The calling convention for syscalls on Linux x86_64 follow the System V x86_64 ABI defined here. As an example, one way to call the getdents64 syscall directly from a C program would be to use the syscall wrapper:

Result = syscall(__NR_getdents64, Fd, Buffer, sizeof(Buffer));

To discuss the syscall calling convention it’s easiest to translate the line of code into pseudo assembly to show the 3 steps above:

mov rax, __NR_getdents64
mov rdi, Fd
mov rsi, Buffer
mov rdx, sizeof(Buffer)
syscall
cmp rax, 0xFFFFFFFFFFFFF001

First, let’s look at how the parameters are marshaled. Steps 1-4 move the syscall parameters into the registers specified by the calling convention. Then on step 5 the special syscall instruction is made to transition to kernel mode. Finally, on step 6, the return value is checked by user mode.

Between steps 5 and 6 is where the Linux kernel handles the getdents syscall. When the syscall instruction is invoked, the processor performs a ring transition to kernel mode and starts executing at a specific function in kernel mode typically called the syscall dispatcher. As part of kernel initialization when the machine is booted, the kernel configures the processor to execute the syscall dispatcher with a specific environment when the syscall instruction is invoked. The first thing the Linux kernel will do in the syscall dispatcher is save off the user mode thread’s register state according to the ABI so that when the syscall returns the user mode program can continue executing with the expected register context. Then it will inspect the rax register to determine which syscall to perform and pass the registers off to the getdents syscall as parameters. Once the getdents syscall completes, the kernel restores the user mode register state, updates rax to contain the return value of the syscall, and uses another special instruction (usually sysret or iretq) that informs the processor to perform the ring transition back to user mode.
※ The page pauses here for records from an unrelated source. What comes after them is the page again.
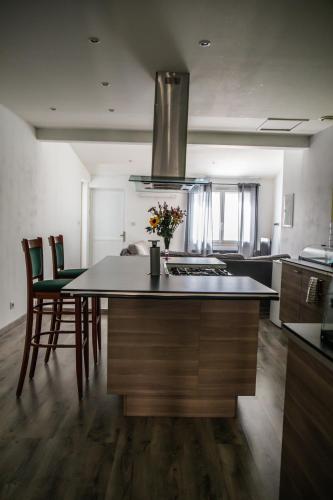 a kitchen with a kitchen island with a counter top at Auberge Sainte Marguerite in La Garde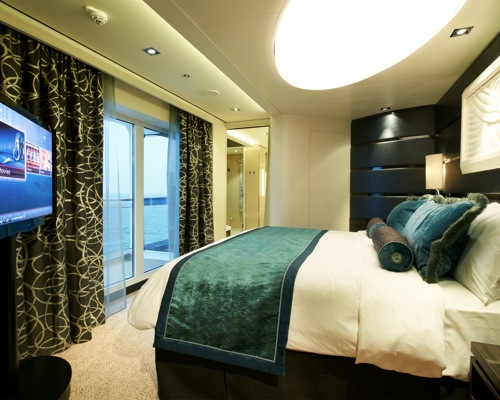 Norwegian Cruise Line Norwegian Breakaway Accommodation The Haven Deluxe Owner Suite Bedroom.jpg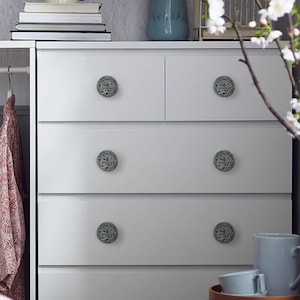 May include: White dresser with six decorative knobs. Each knob is round with a gray and black pattern and red text. The dresser is in a room with a vase, books, and a decorative birdcage.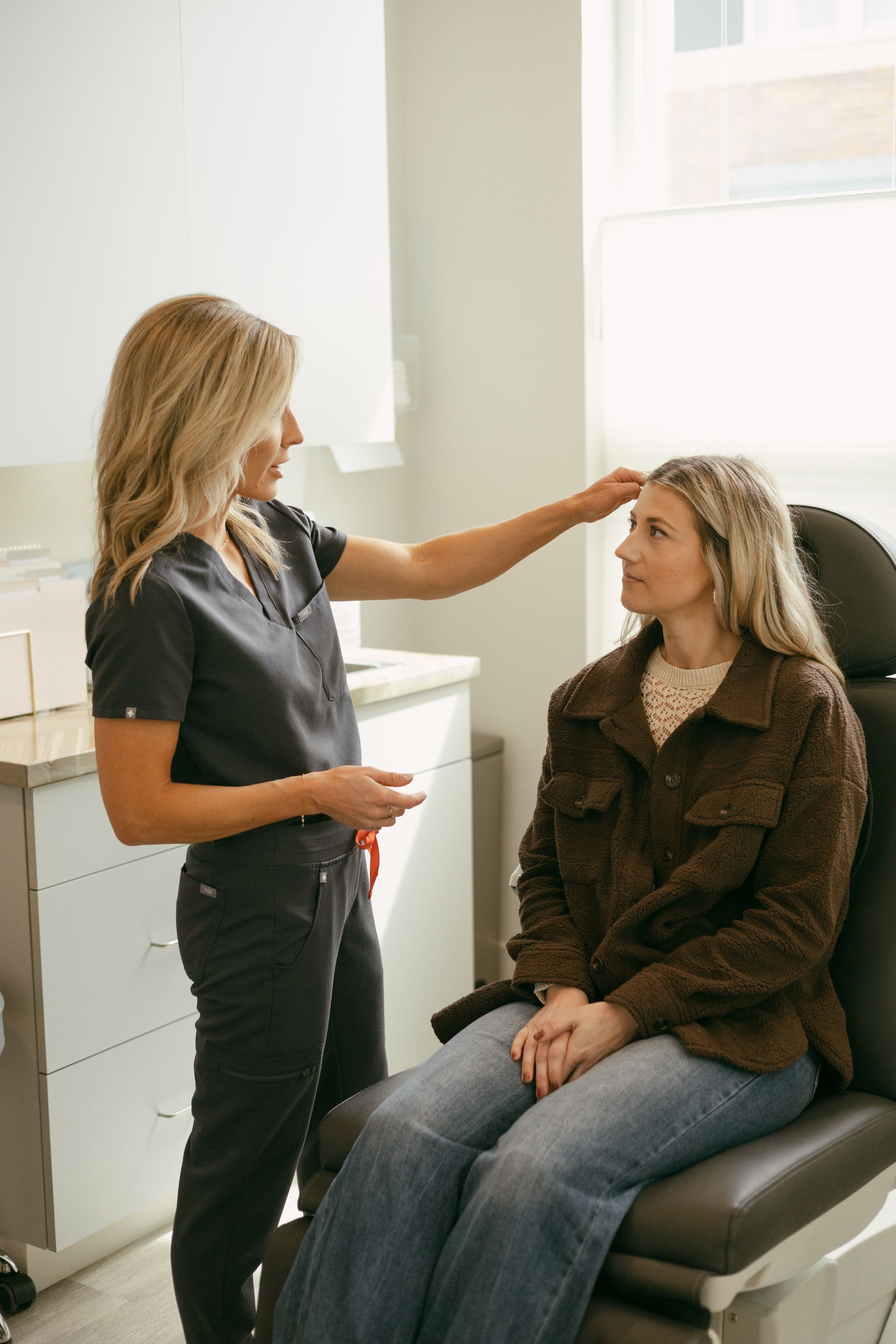 Woman examining another woman's forehead in medical setting; one woman seated, wearing a jacket; the other in scrubs.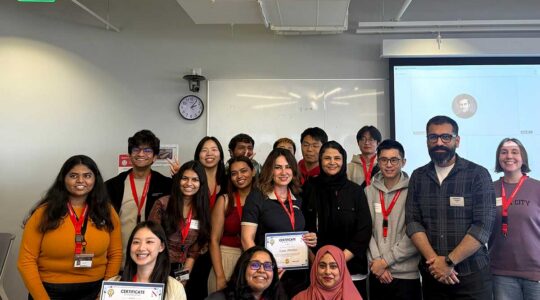 17 members of the Innovation Consulting Club hold award certificates and pose for a photo in a classroom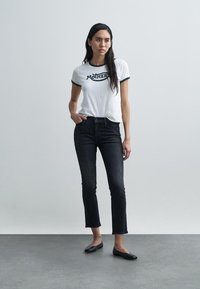 T-shirt bianca con collo a contrasto nero e grafica "MOTHER", abbinata a jeans scuri in denim e ballerine nere, in piedi davanti a uno sfondo semplice.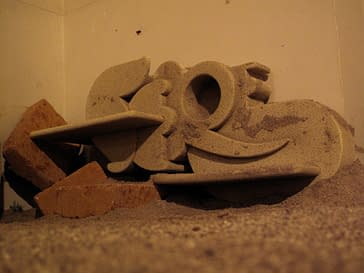 A grey, rock-style, sculpture formed of letters in different styles which composing the name "Sere". The sculpture is laying on the floor along with some thrown brick. Artwork by Dado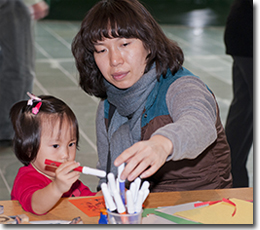 Making a holiday greeting for a veteran, Remembrance Day 2011.
© Canadian War Museum, photo Alex Lukey, CWM2011-0092-0038-Dm
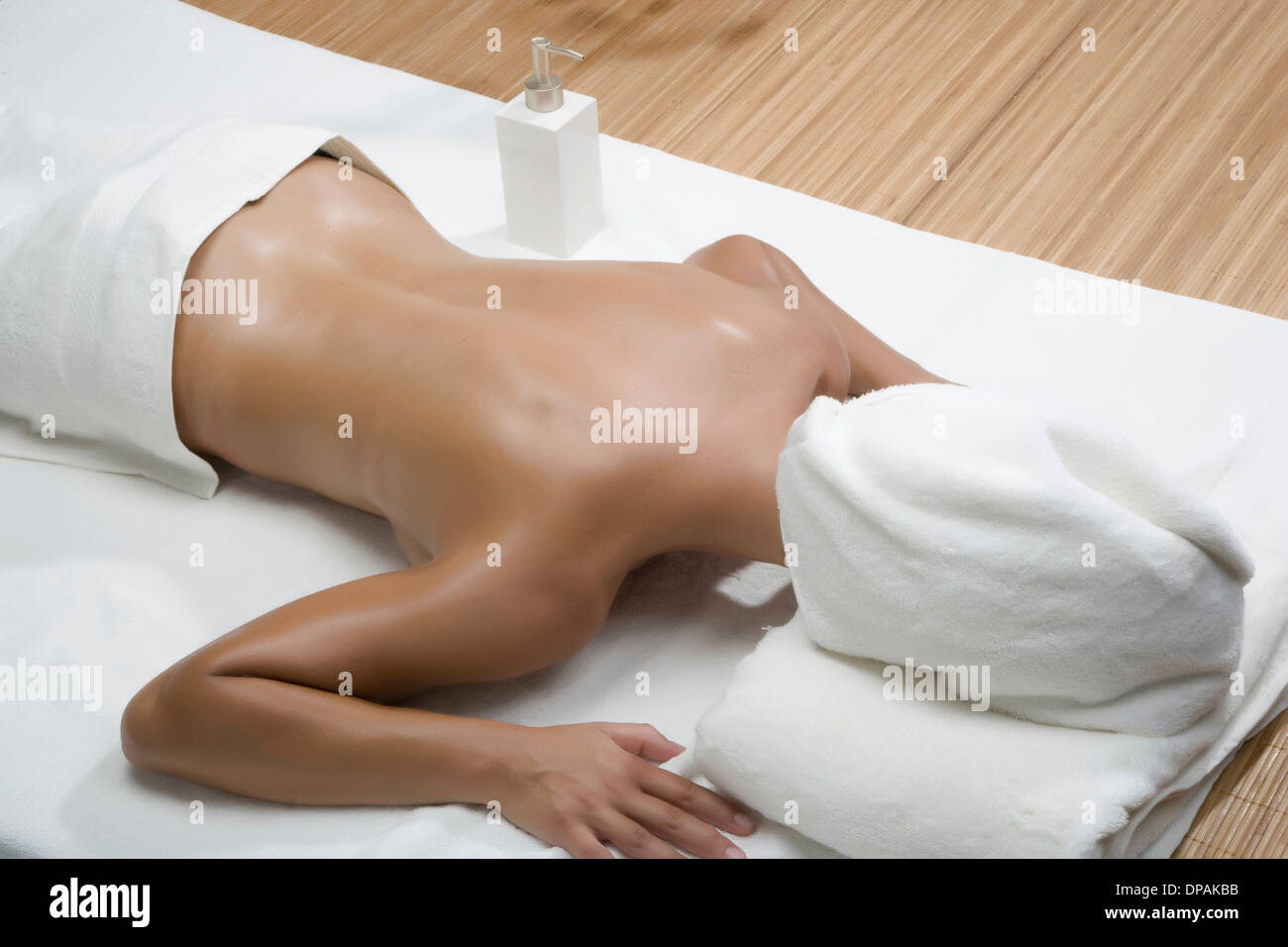 Woman lying in spa with towel covering head Stock Photo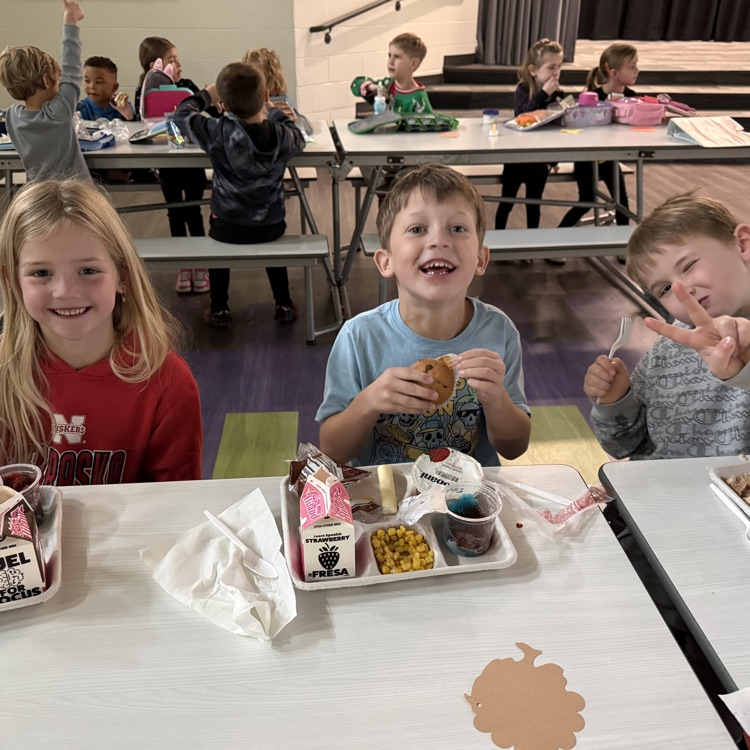 3 kindergarten students smiling with their thanksgiving meal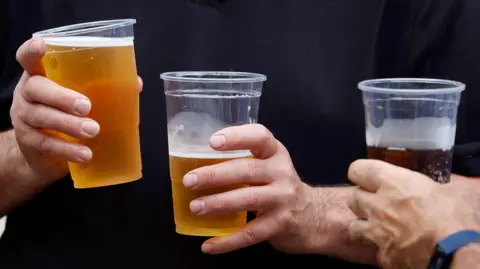 A group of hands holding plastic cups of beer. 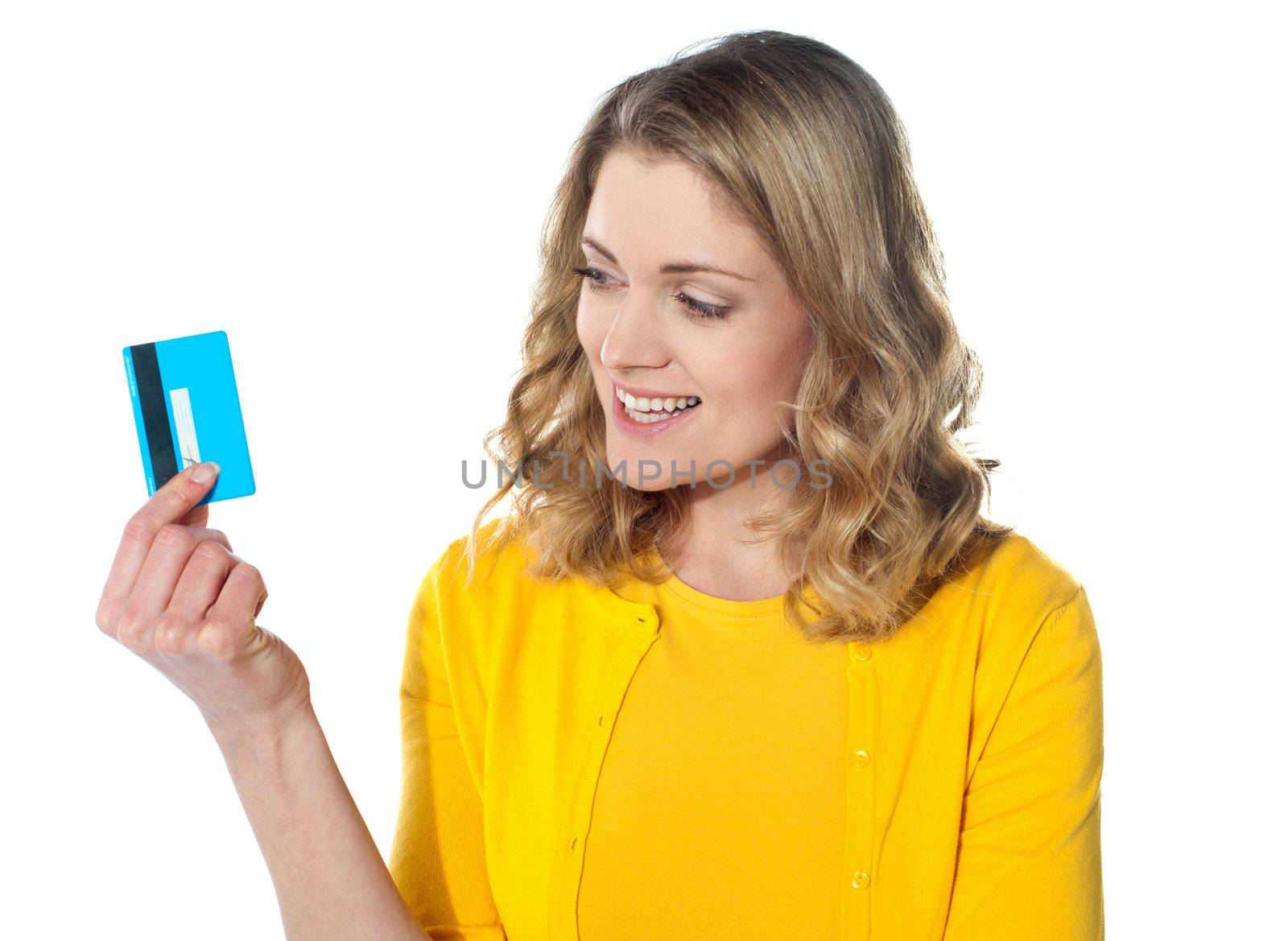 Attractive female holding her credit card by stockyimages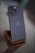 A sleek smartphone with a metallic finish stands on a wooden stand. The phone has three prominent camera lenses on the back, along with a small flash. The setting is minimalistic, with a soft blurred background indicating a modern, sophisticated ambiance.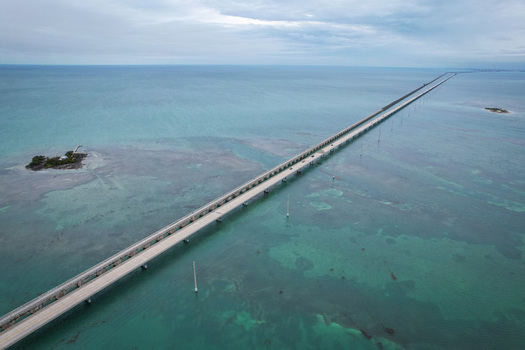 Aerial view of The Overseas Highway stretching across the turquoise waters of the Florida Keys under a cloudy sky in Key Largo Florida United States. Aerial view of The Overseas Highway stretching across the turquoise waters of the Florida Keys under a cloudy sky in Key Largo Florida United States.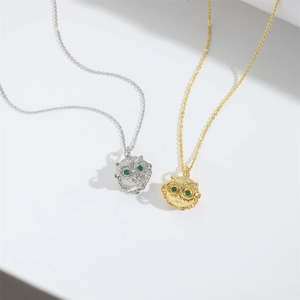 Retro owl pendant necklace set in gold and silver finish with sparkling green gemstone eyes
Syscall mechanics on NT amd64

The calling convention for syscalls on NT x64 follows the x64 calling convention described here. As an example, when the NtQueryDirectoryFile call is made we’ll have this simplified version of the call so it’s easier to compare against the getdents call above:

Status = NtQueryDirectoryFile(Foo, Bar, Baz);

The real NtQueryDirectoryFile API takes 11 parameters which would be strenuous for this example since it requires pushing arguments to the stack. Now let’s look at the disassembly side by side with the getdents case to see how the three steps are handled on NT compared to Linux:

Step	Getdents	NtQueryDirectoryFile
1	mov rax, __NR_getdents64	mov rax, #NtQueryDirectoryFile
2	mov rdi, Fd	mov rcx, Foo
3	mov rsi, Buffer	mov rdx, Bar
4	mov rdx, sizeof(Buffer)	mov r8, Baz
5	syscall	syscall
6	cmp rax, 0xFFFFFFFFFFFFF001	test eax, eax

For the marshalling parameters step, we see that NT also uses rax to hold the syscall number but differs in the registers used to pass the syscall parameters because it has a different ABI. For the special instruction step, we see syscall is also used since it is the preferred method on x64 for making syscalls. For the final step of checking the return, the code is slightly different because NTSTATUS failures are negative values whereas Linux failure codes fall into a specific range.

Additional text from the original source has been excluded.